Why Saudi Oil Production Suddenly Dropped

Authored by Tsvetana Paraskova via OilPrice.com,

As if oil market participants haven’t had enough conflicting market forces to digest over the past week, reports that Saudi Arabia’s crude oil production surprisingly dropped in July by around 200,000 bpd from June further confounded the market and sent oil prices rising on Monday.

Last week, several surveys of OPEC’s crude oil production in July showed that the cartel is pumping at high rates, and Saudi Arabia is nearing its production record. But on Friday, Saudi sources and OPEC sources told news agencies that the Saudi oil production was not even close to record figures—and it actually dropped last month compared to June.

The Saudis pumped 10.29 million bpd in July, Saudi sources told S&P Global Platts on Friday. On the same day, two OPEC sources told Reuters that Saudi Arabia’s crude oil production in July was 10.29 million bpd.

According to OPEC’s secondary sources, the ones the cartel uses to calculate quotas and compliance, Saudi Arabia’s oil production had jumped in June by 405,400 bpd compared to May, to reach 10.420 million bpd.

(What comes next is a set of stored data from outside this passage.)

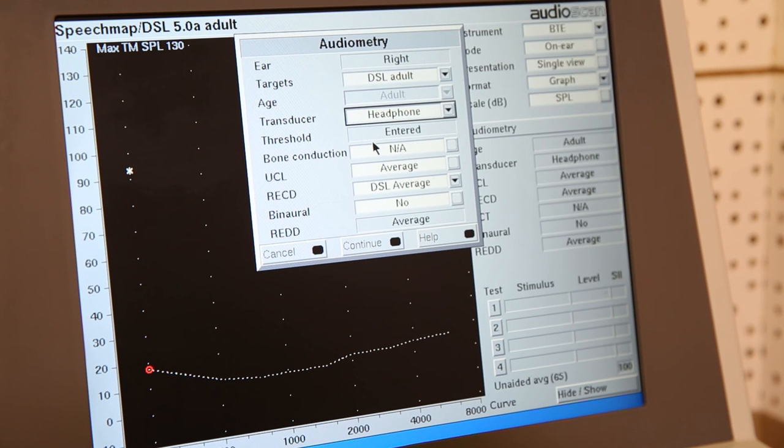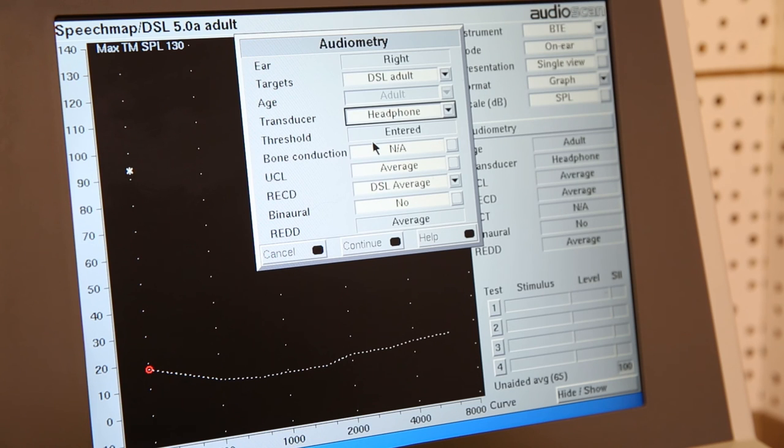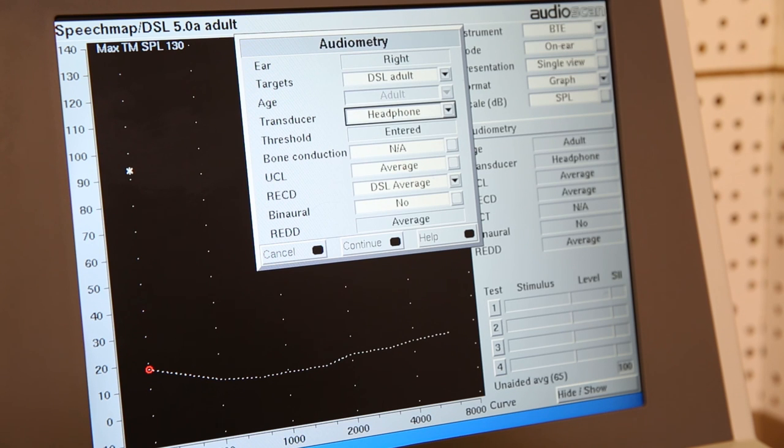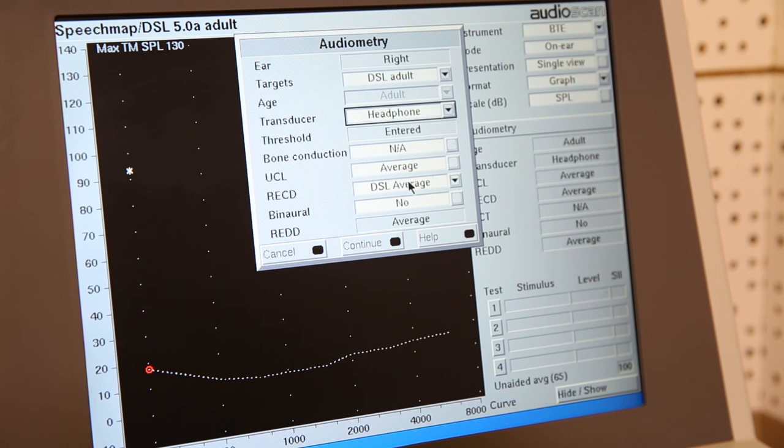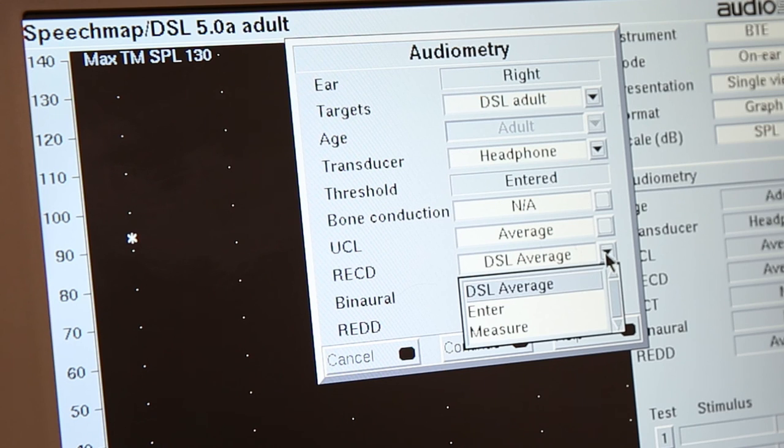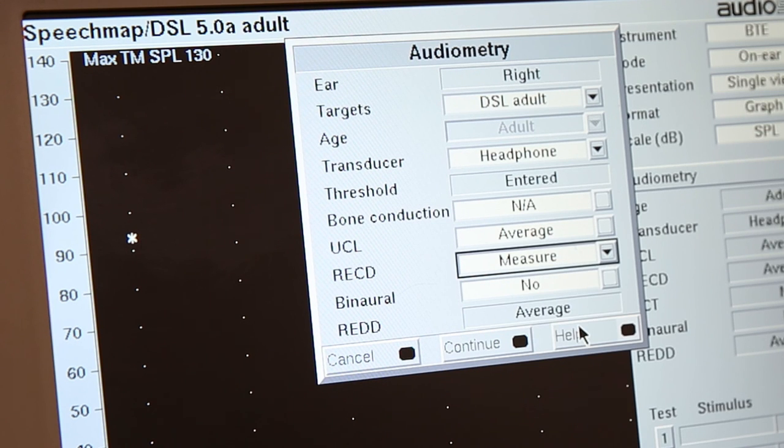So when we verify the fitting, we want to use the client's real ear information to create a target that is more specific to them. In order to do this, we measure the real ear to coupler difference, or RECD, to give us an accurate indication of the client's real ear canal resonance characteristics, versus the 2cc coupler information the hearing aid was most often programmed with. So we will select that we want to measure the RECD over here.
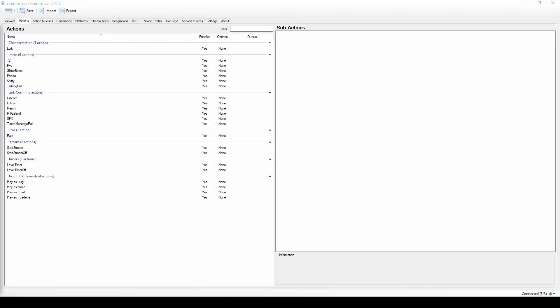Hey everyone, today we're doing a tutorial. I've decided to change to Streamer Bot. I have used Streamlabs Chatbot, Nightbot, Trigger Fire for intros or video commands, Touch Portal for channel point rewards — and Streamer Bot can really do all of that and much more. The problem is it can do so much that streamers were showing people how to do things in 30-minute videos and not really explaining something all the way through.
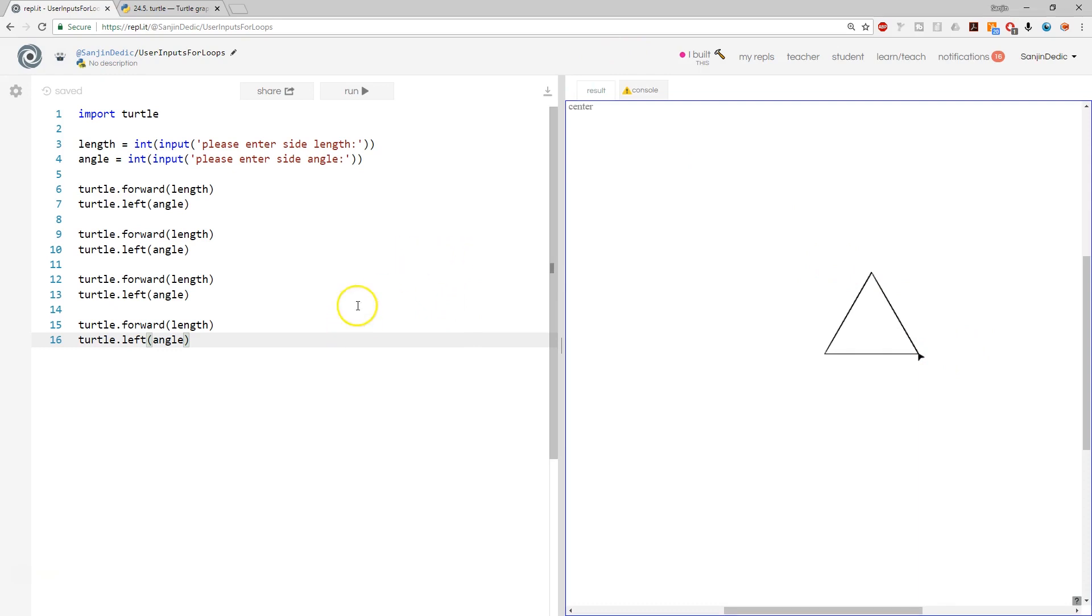So that's the basic introduction to turtle. In the next tutorial, we are going to introduce loops and if statements and make this a bit more interesting.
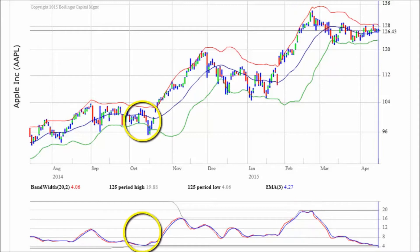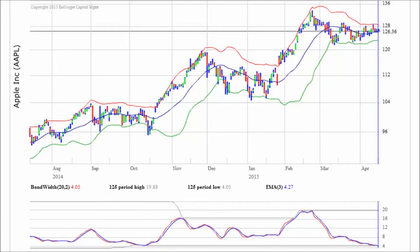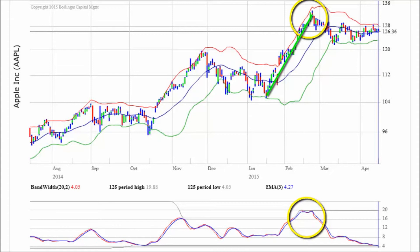Here we can see a squeeze that ushers in an important rally. Note the head fake — a feint in the wrong direction before the real move begins. We can also see a bulge that marks the end of the rally and ushers in a period of consolidation.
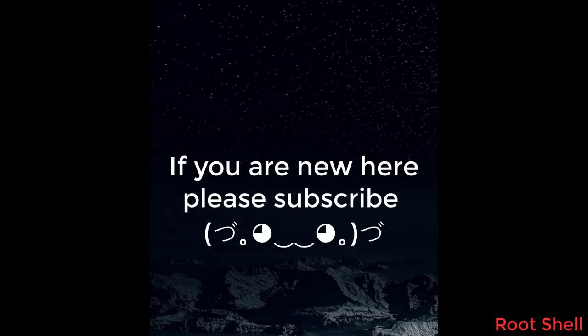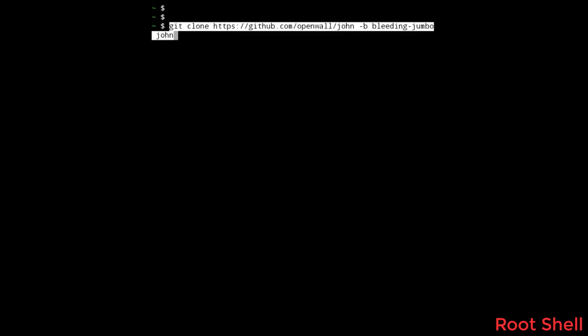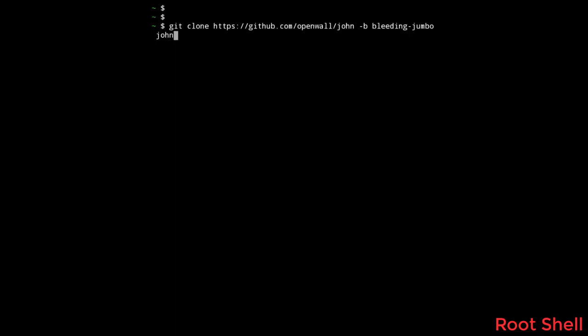Hello everyone. In this video I will show you how to run John the Ripper on Termux and I will crack some hashes in the end of it. So first step open Termux run the following command. You may have to install Git before doing that.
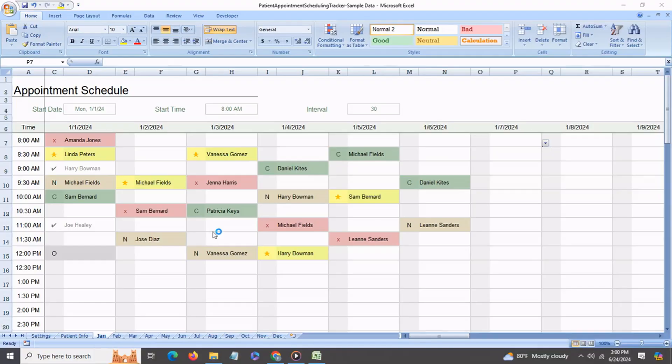You can set it for any start time and any start date for any month. Plus you can also use color-coded status indicators for each appointment tracking. So let's see how this works. Come to my brief demo of my patient appointment scheduling tracker.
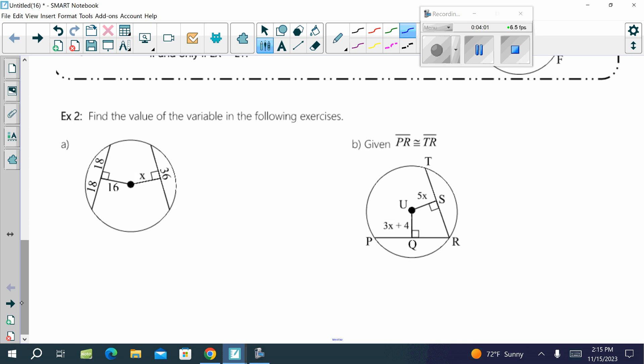Find the value of the variables in each exercise. What do we know about the two chords in this picture? They are equal. So if this chord is congruent to this chord, what do we know about the distance to the center? They are equal. So X equals 16.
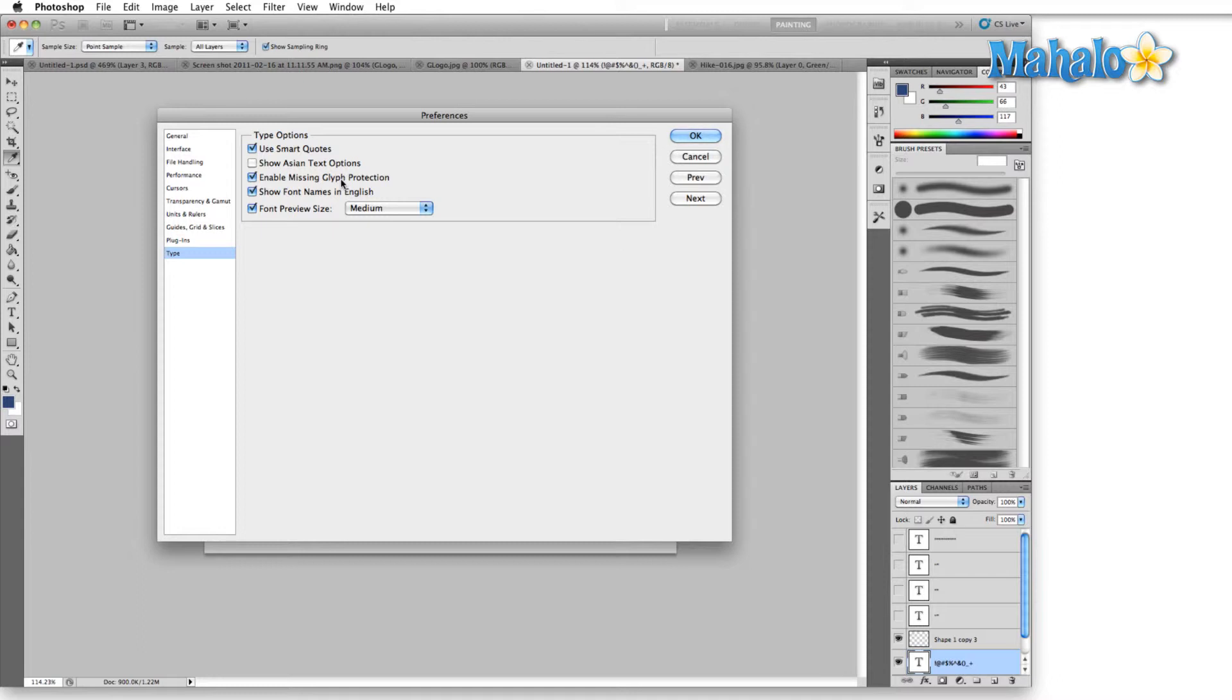However, if you want to change any of the words in that font, you either have to cut and paste letters or you actually have to go out and find the font. Enable missing glyph protection.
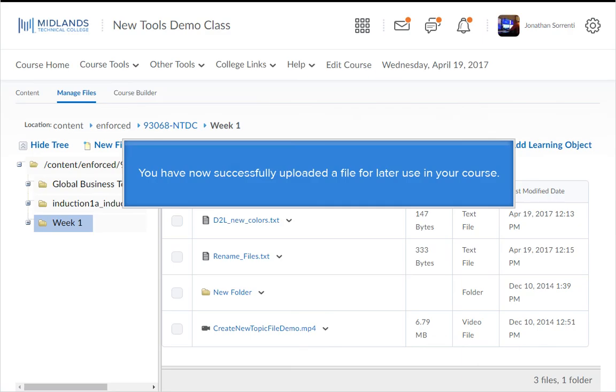You have now successfully uploaded a file for later use in your course.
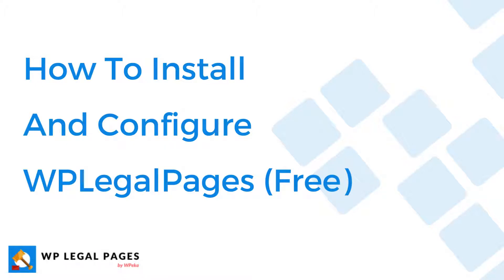In this video, I will walk you through the process of downloading and installing WP LegalPages plugin.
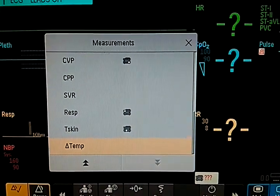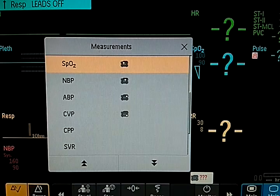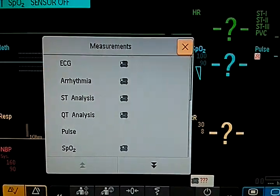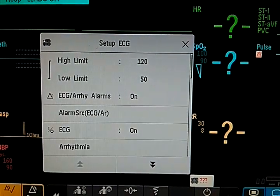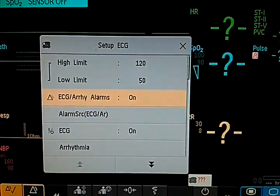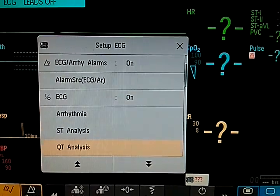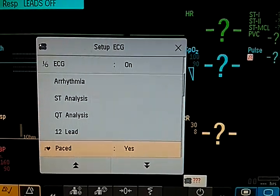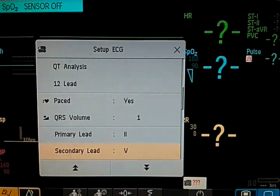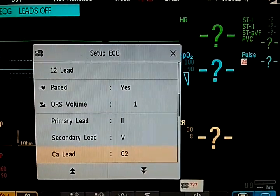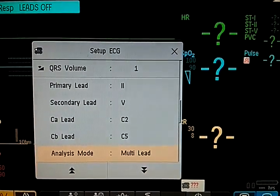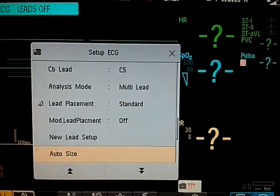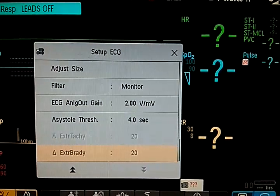So in ECG we have higher lower limit or alarms, then ECG analysis, ST analysis, QT analysis, 12 leads, pacing, every space from the pacemaker, QRS volume lead, primary lead from which it will take the data, lead placement. Everything is there.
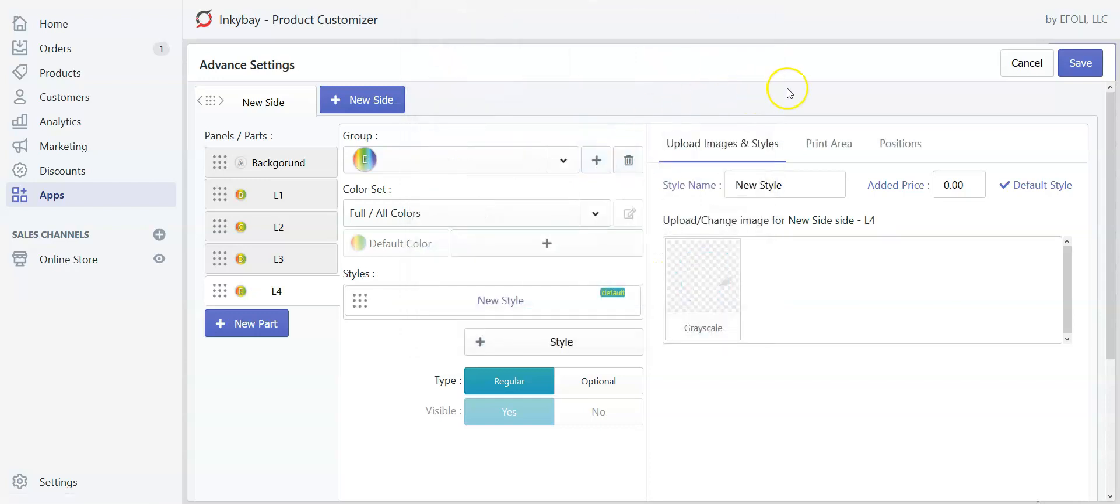If you want to charge for any of the layers, you can add the extra price here.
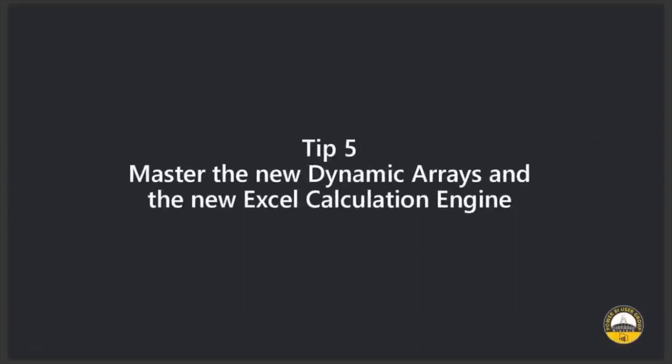Tip five is master the new dynamic arrays and new Excel calculation engine. New Excel dynamic arrays. What do I mean by dynamic arrays? So this is future. I call this future Excel. Excel for the future.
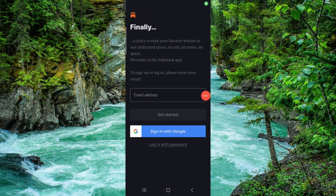Hello and welcome back to my channel. In today's video I will show you how to delete the Substack app. So let's get started — to delete it, you have to follow these easy steps.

According to a Reuters survey from last week, Saudi Arabia’s production in July was 10.65 million bpd, but exports were close to June’s levels because the Saudis increased domestic use at power plants and refineries. OPEC’s crude oil production jumped by 340,000 bpd in July from June, as Saudi Arabia pumped near-record volumes, the S&P Global Platts survey showed on Friday.

The numbers leaked by Saudi and OPEC sources on Friday are in stark contrast with many of the surveys.

Some of the Platts survey participants think that Saudi Arabia may have trouble placing its barrels on the market, and demand for Saudi crude may not have been as robust as the Kingdom had expected.

“I think what they’re trying to do is, there’s a story in the market that the Saudis and the UAE and Kuwaitis and Russians were all vastly increasing production well ahead of any cutbacks from Iran, and I think they are trying to change the narrative,” a Platts survey participant said.